## WORK TASK
Of the entries below, repeat exactly only those lines from the one containing "Miklósy Erik névjegykártya" through the last line, with pictures omitted.

## DATA PROVIDED
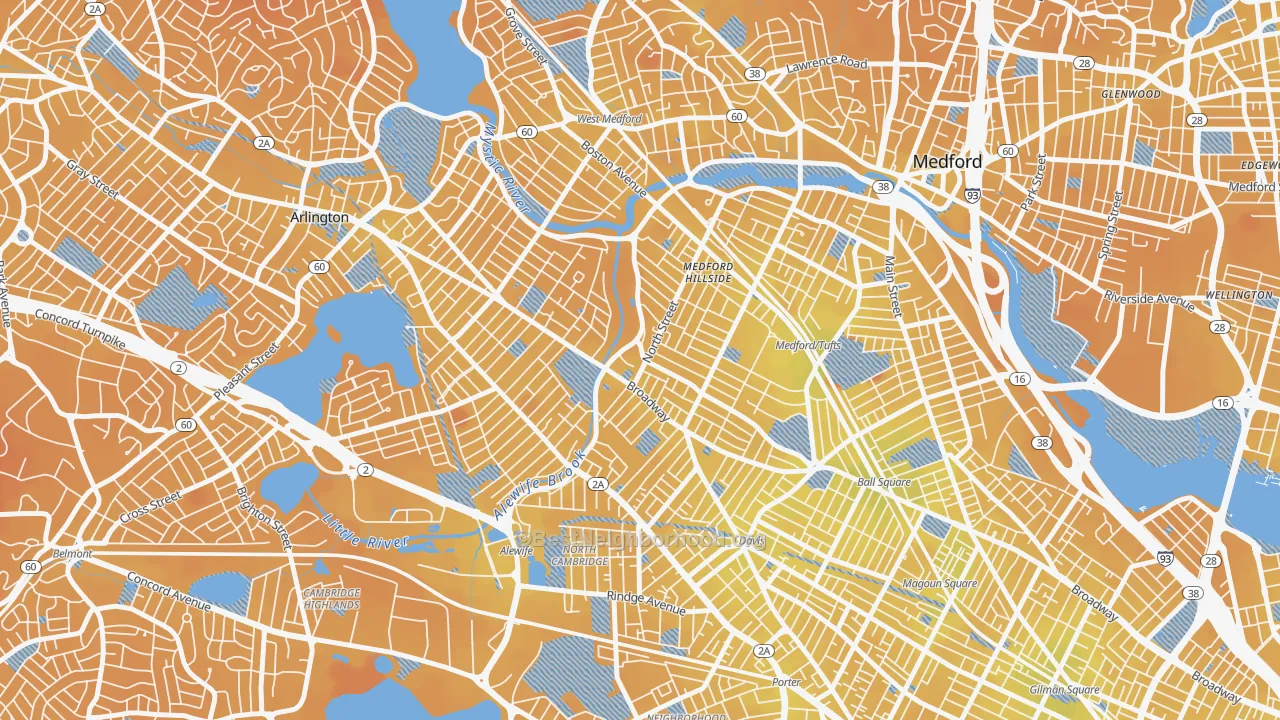 Transit Grade map of West Somerville, Somerville, MA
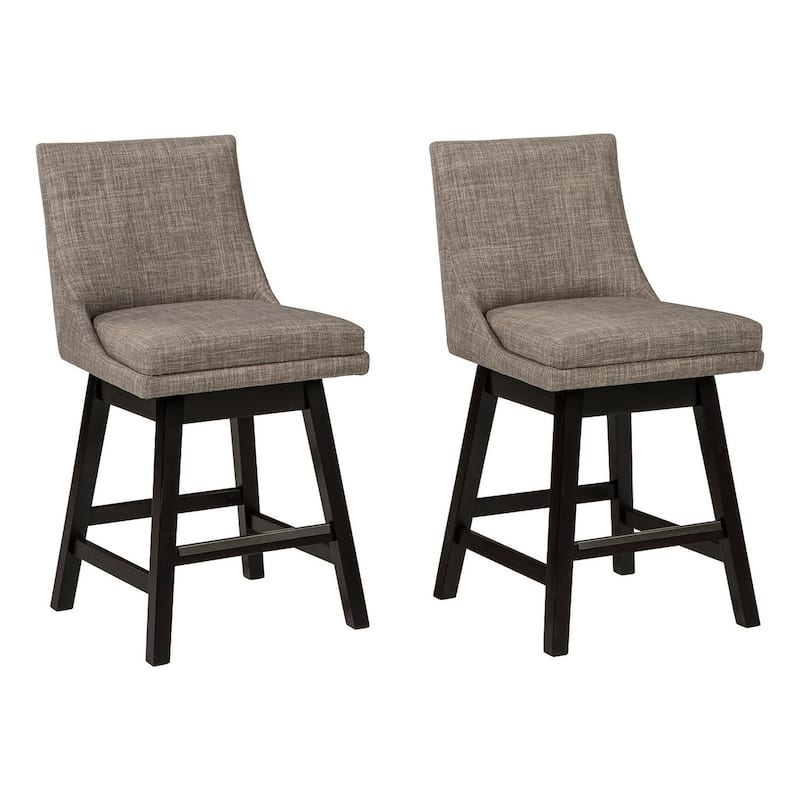 Tallenger Upholstered Swivel Stool (Set of 2) - Brown - Counter Height
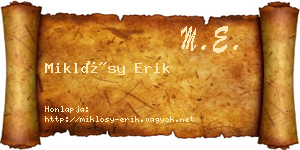Miklósy Erik névjegykártya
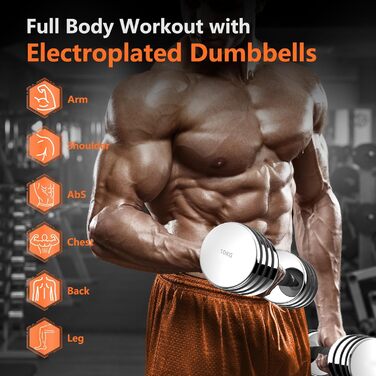 Регульовані гантелі Dskeuzeew: набір сталевих гантелей 5/7.5/10 кг з пінопластовими ручками для дому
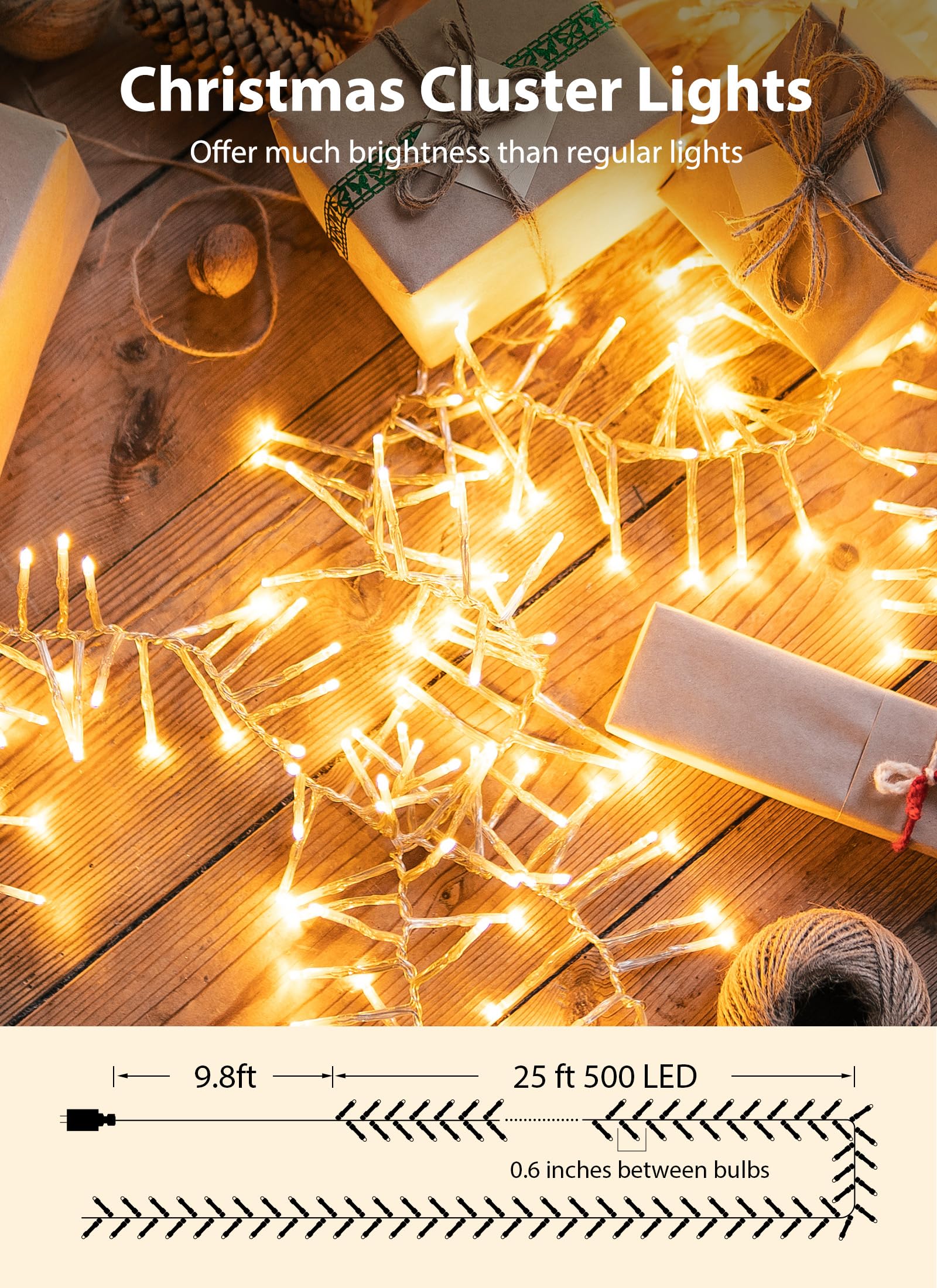 Minetom Christmas Lights - 500 LED, 25 Ft Waterproof Twinkle Fairy Lights, Warm White, DMO-S-500, 12 Modes Timer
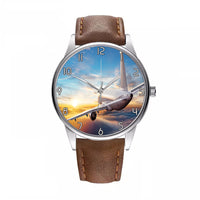 Thumbnail for Airliner Jet Cruising over Clouds Designed Fashion Leather Strap Watches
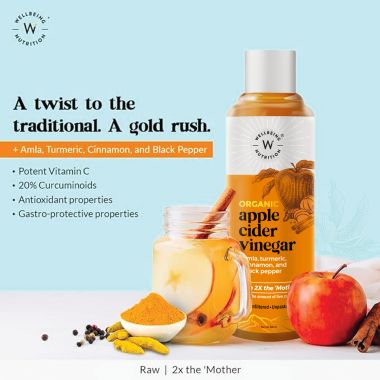 Wellbeing Nutrition: Organic Apple Cider Vinegar (2X Mother) with Amla, Turmeric, Cinnamon & Black Pepper - 500ml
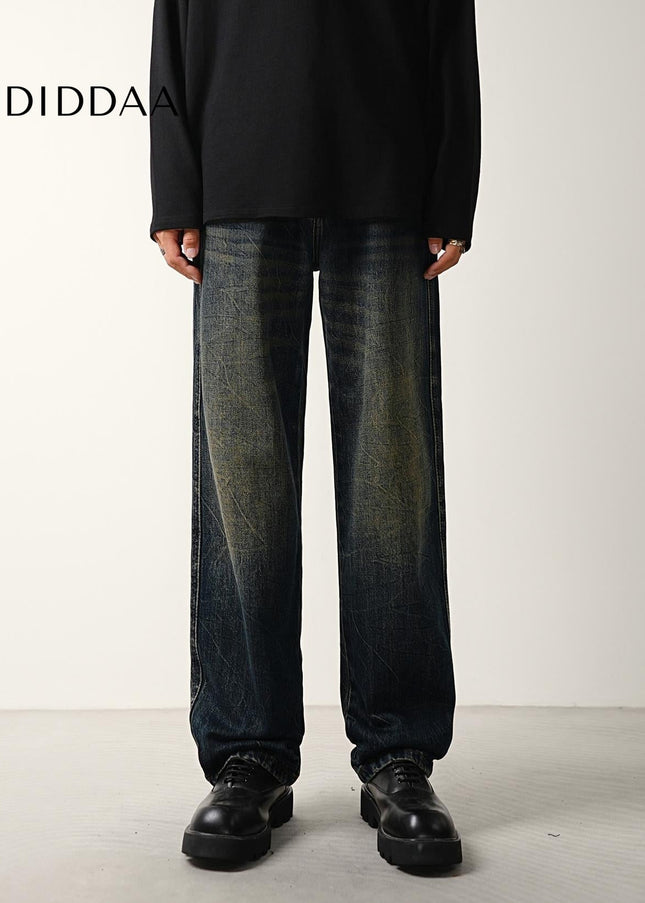 Blue Retro Tie-Wash Loose Wide-Leg Jeans Trousers - Men’s Jeans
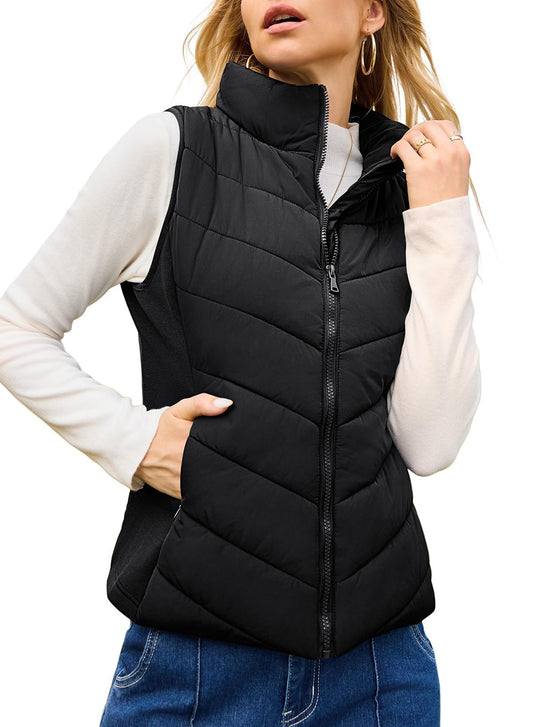 Women's Sleeveless Zip Up Stand Collar Quilted Puffer Vest (Buy 2 Free Shipping)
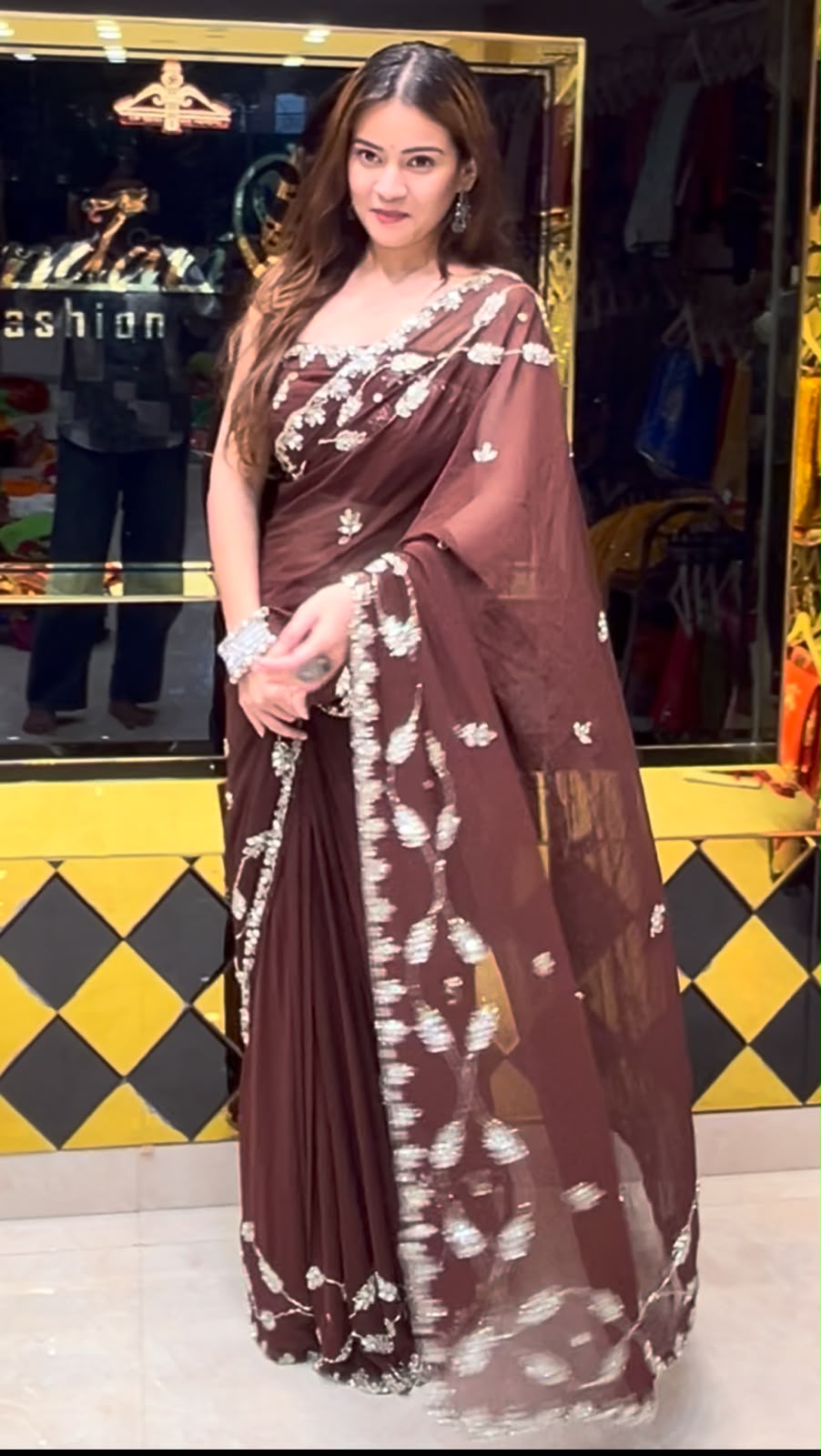 Coffee Brown Katdana & Mirror Handcrafted Saree (401)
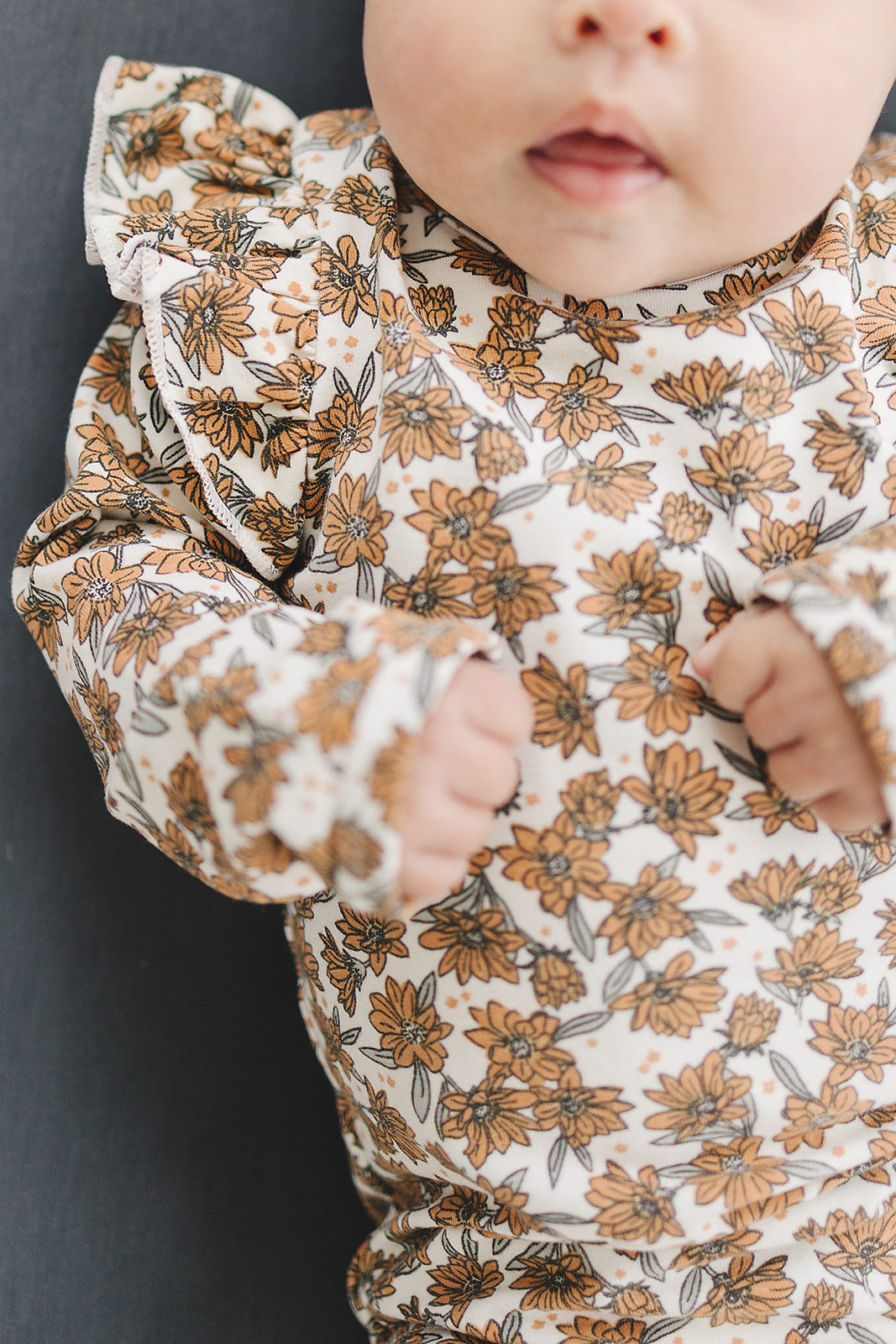 Magnolia Print Ruffle Sleeve Bodysuit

## EXERCISE OUTPUT
Miklósy Erik névjegykártya
 Регульовані гантелі Dskeuzeew: набір сталевих гантелей 5/7.5/10 кг з пінопластовими ручками для дому
 Minetom Christmas Lights - 500 LED, 25 Ft Waterproof Twinkle Fairy Lights, Warm White, DMO-S-500, 12 Modes Timer
 Thumbnail for Airliner Jet Cruising over Clouds Designed Fashion Leather Strap Watches
 Wellbeing Nutrition: Organic Apple Cider Vinegar (2X Mother) with Amla, Turmeric, Cinnamon & Black Pepper - 500ml
 Blue Retro Tie-Wash Loose Wide-Leg Jeans Trousers - Men’s Jeans
 Women's Sleeveless Zip Up Stand Collar Quilted Puffer Vest (Buy 2 Free Shipping)
 Coffee Brown Katdana & Mirror Handcrafted Saree (401)
 Magnolia Print Ruffle Sleeve Bodysuit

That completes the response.